The defendant’s two witnesses sought to establish an alibi, one, Maurice Jackson, said that Emanuel called him in the afternoon of November 26th and “asked me would I take him and Laverne to (singing) rehearsal.” He said, “I told Emanuel I would pick him up at 5 :45 or a quarter to six, 5:45 or 6 o’clock.” He said, “Yes, I carried Emanuel there * * * twenty-five something Woodland” but the witness did not stay for the rehearsal. The rehearsal was at the home of Dorothy Adams and she not only remembered Emanuel’s being there but had a record of the fact, a book in which she recorded “everything we do and everything we say and all our money” and that record recites “No. 3, Solo, Emanuel Andrews.” But as to when Emanuel arrived she said “about 7 o’clock.” The credibility, weight and persuasiveness of his alibi evidence, as with all the evidence, was for the jury — it was certainly not conclusive. 77 C.J.S. Robbery § 47(d), p. 506; State v.

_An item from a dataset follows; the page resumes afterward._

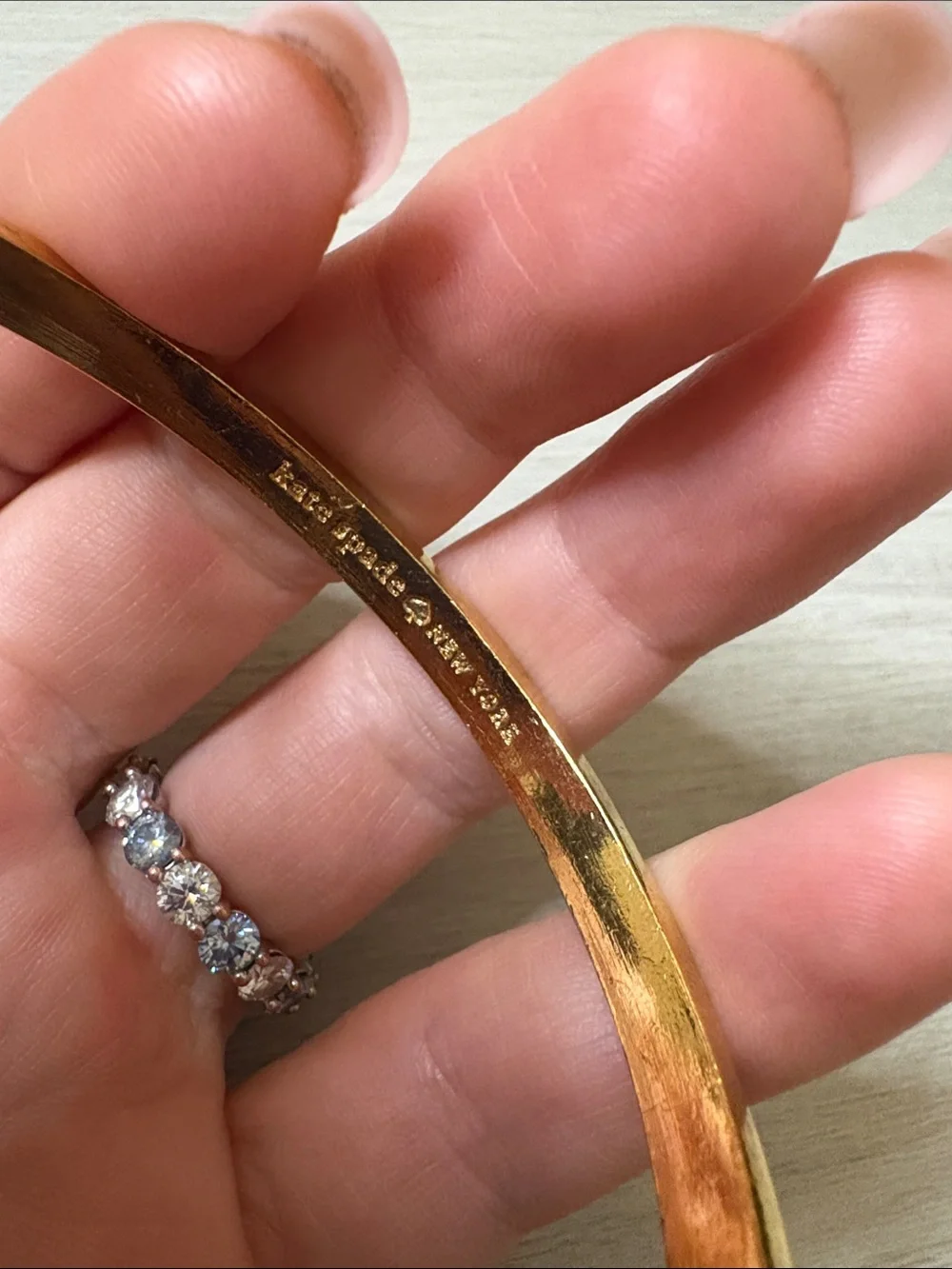 kate spade polished gold-tone slim bangle - Picture 5 of 5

Kaner, 338 Mo. 972, 93 S.W.2d 671. As indicated, the state’s evidence is sufficient to sustain the finding of guilty of robbery with a dangerous weapon and accordingly the judgment is affirmed.

BOHLING and STOCKARD, CC., concur.

*629PER CURIAM.

The foregoing opinion by BARRETT, C., is adopted as the opinion of the Court.

STORCKMAN, P. J., EAGER, J., and HUNTER, Special Judge, concur. LEEDY, J., not sitting.